The process of creating my own photoblog was quite exciting and emotional. Of course, there were some technical tasks that weren’t the most insightful or exciting, even for a software development specialist like me. But thinking of the final result (NOT a product!) kept me interested and affirmed my desire to share my thoughts. My hobby of the last three years goes beyond a standard app or page used only to feed an algorithm or, in the worst cases, to train an A.I. model whose boundaries we don’t yet understand.
I found in analog photography a relief valve for all of this. I used to love how we “improved” and changed the way we interact through technology, but at some point, we lost our course. We need to recover an authenticity that goes beyond the standard way of publishing our ideas, images, and feelings in the grid of an overblown social platform—one that only wants our attention to sell us products (sure, some things are helpful) and not to share our respectful, valuable opinions about the world around us.

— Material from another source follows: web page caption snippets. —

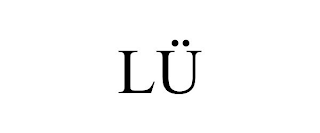 LÜ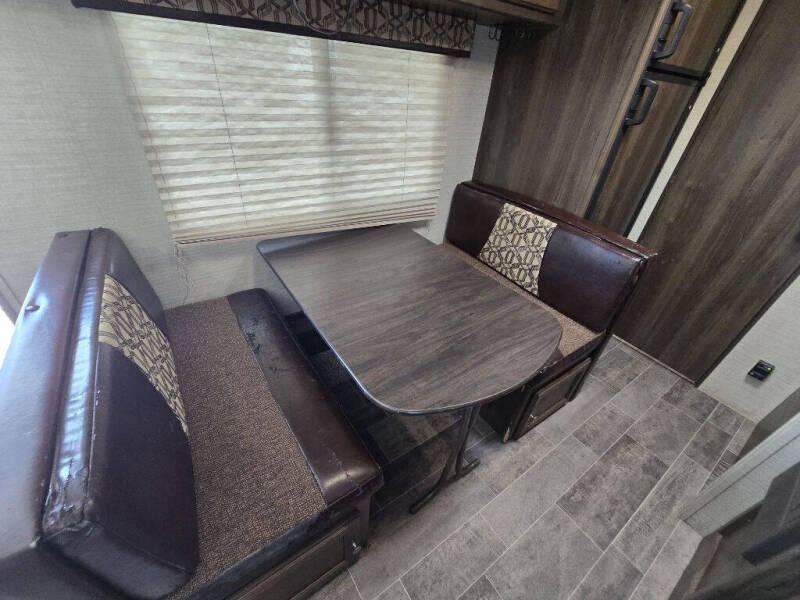 2017 Keystone RV BULLET CROSSFIR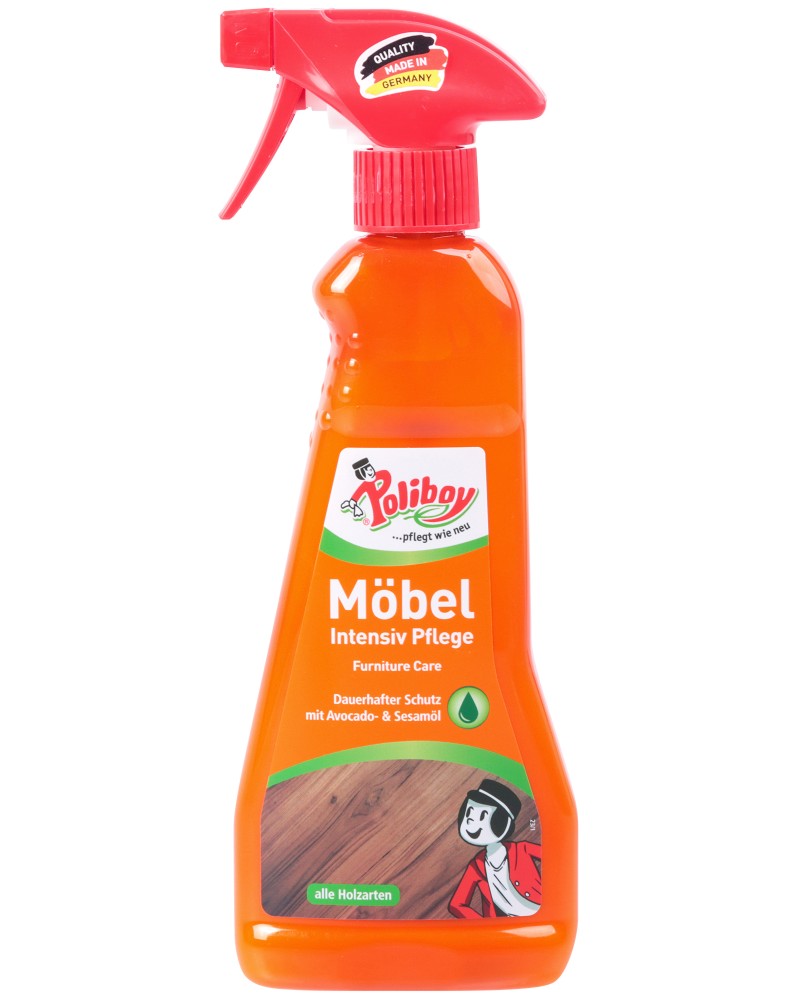        Poliboy - 375 ml -  
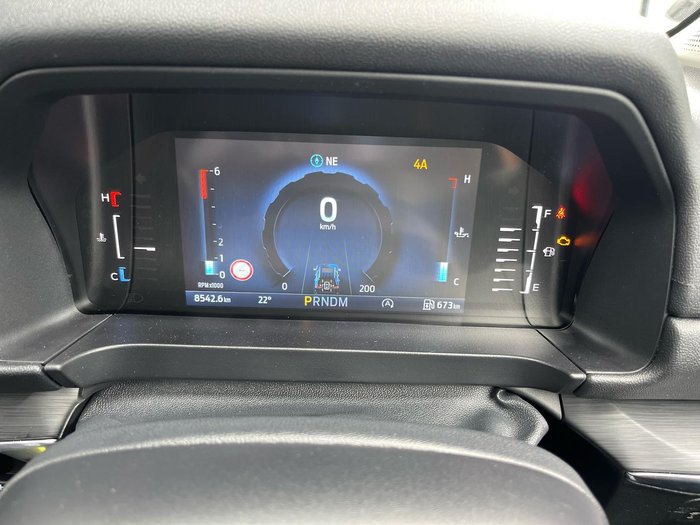 2025 Ford Everest Trend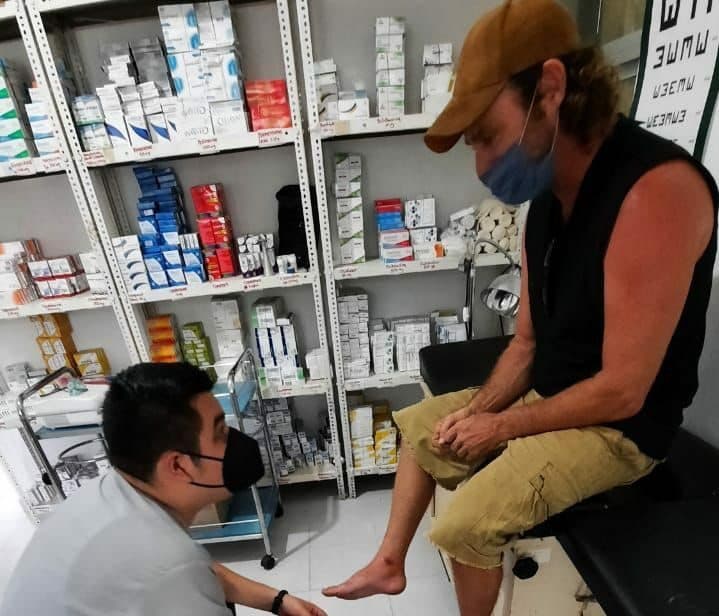 Continúan pláticas de prevención y cuidado de la salud en Tulum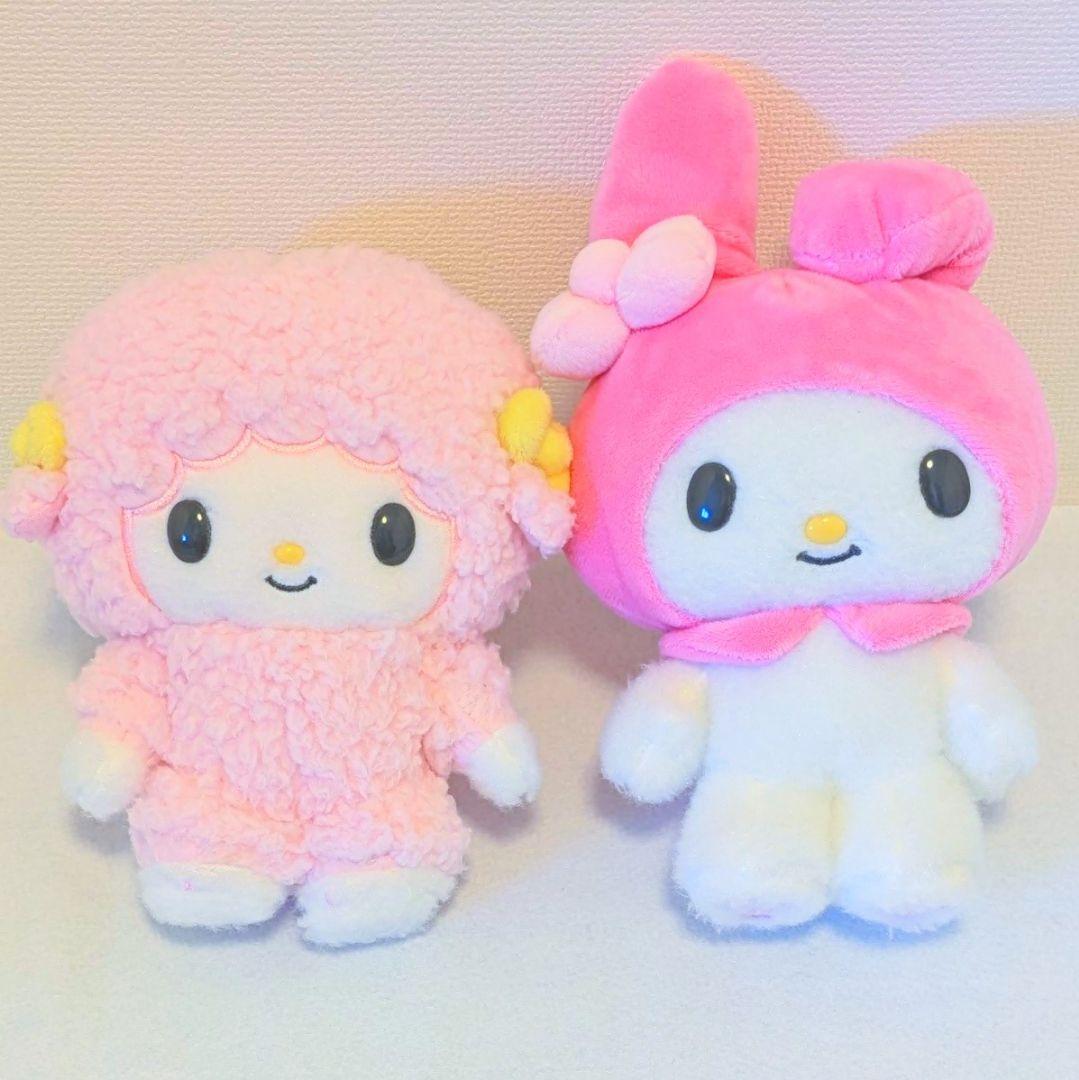 マイメロディ&マイスウィートピアノちゃん Netflix ぬいぐるみ サンリオSanrio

Unfiltered, Unoptimized, and Unbothered.
I’m not here to share how forcibly insightful (LinkedIn), stylishly hollow (Instagram) (well… my hobby started there), superficially fun (TikTok), or perpetually outraged (X/Twitter) my life is; I’m just here to share ideas and the quirky analog photos that come with them for free! No tracking pixels, no over-engineered content generators, and no deep analytics to show commercial teams the “demographic impact on the consumer…” bla bla bla… (I simply can’t stand those people!).
But not all is lost!
Several initiatives as local bookshops, papercraft artisans, analog photographers, the independent web (this blog wants to be part of it!), and many others are looking back to the origins of the web. These are principles that existed long before the digital age: a free exchange of ideas and emotions (excluding the ‘flat earth’ or ‘crystal healing’ varieties, PLEASE!) that illustrates our true potential. These projects create a space for us to grow as a society; it may sound idealistic, but it helps us evolve as mankind.